Да, дома были слёзы супруги, но чувство, что ты снова нужен государству, чтобы принести пользу, было таким большим, что страх смерти от пуль на фронте сдвинулся и исчез на заднем плане.
Письма брата отца Александра, чей старший сын Эди был призван на военную службу, в это время были пронизаны очень высоким патриотизмом и пафосом:
25 сентября 1939 г.
…Это большая честь – быть красноармейцем, и я горжусь тем, что мой сын служит в Красной Армии!
4 июля 1941 г.
…Он уже готовился в скором времени свидеться с нами, потому что годы его службы были уже позади, но теперь надежда исчезла. Война! Но я горжусь тем, что вижу своего сына нашим защитником… Теперь враги народа только фашисты, но всё приходит к концу, так и фашизм найдёт свой конец. Я больше чем уверен, что Гитлер в этой борьбе потеряет голову. Последнее письмо Эди с фронта было без адреса. Скорее всего, Леонарда тоже призовут на службу, ему уже исполнилось 19.
18 сентября 1941 г.
…Мне пришлось купить облигации (ценные государственные бумаги) на 600 рублей – почти месячная зарплата. Мы ежемесячно жертвуем 1 дневной заработок в счёт Отечественной войны, купили и пожертвовали рубашку, каждый день 3 часа бесплатно работаем на полях, а по воскресеньям – 6 часов, собирая хлопок. И если будет необходимо, и условия потребуют, чтобы я взялся за другую работу, я с преданностью её выполню. Если мне тоже дадут в руки винтовку, я, как и мой Эди, с уверенностью пойду в рядах бойцов бить советских врагов.
Леонард готов уйти в любой час.

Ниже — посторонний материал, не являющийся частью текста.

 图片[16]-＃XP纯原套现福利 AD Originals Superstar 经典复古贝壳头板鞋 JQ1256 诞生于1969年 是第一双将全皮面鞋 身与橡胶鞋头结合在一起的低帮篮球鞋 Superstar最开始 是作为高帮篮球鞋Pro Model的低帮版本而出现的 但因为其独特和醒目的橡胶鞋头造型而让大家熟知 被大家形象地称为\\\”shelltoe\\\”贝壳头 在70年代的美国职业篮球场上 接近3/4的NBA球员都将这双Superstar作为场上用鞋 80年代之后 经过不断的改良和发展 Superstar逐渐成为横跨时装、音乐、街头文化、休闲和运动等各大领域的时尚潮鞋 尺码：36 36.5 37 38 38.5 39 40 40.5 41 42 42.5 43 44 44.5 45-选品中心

У меня только одно желание – скорее бы наступила Мировая Революция, и рабочий класс наконец-то толково последовал за русским пролетариатом, тогда Гитлера и его сторонников выгнали бы к чёрту!
Победа будет за нами!
3 января 1942 г.
…Леонарда тоже забрали в армию. Таким образом, два моих сына на фронте защищают Отечество. Если потребуется, и меня призовут, я тоже пойду безо всяких сомнений и буду выполнять свои обязанности.
Только один день радовался отец, считая, что пригодился Отечеству для фронта. Когда он пришёл в военную комендатуру, ему объявили, что он призывается в рабочую колонну (трудовой батальон)[95]. Это был не просто отрезвляющий удар, это был невообразимый, страшный, ошеломляющий удар. Почему он в 51 год, с разбитым здоровьем, привлечён к физической работе, копать рвы лопатой? Неужели это возможно?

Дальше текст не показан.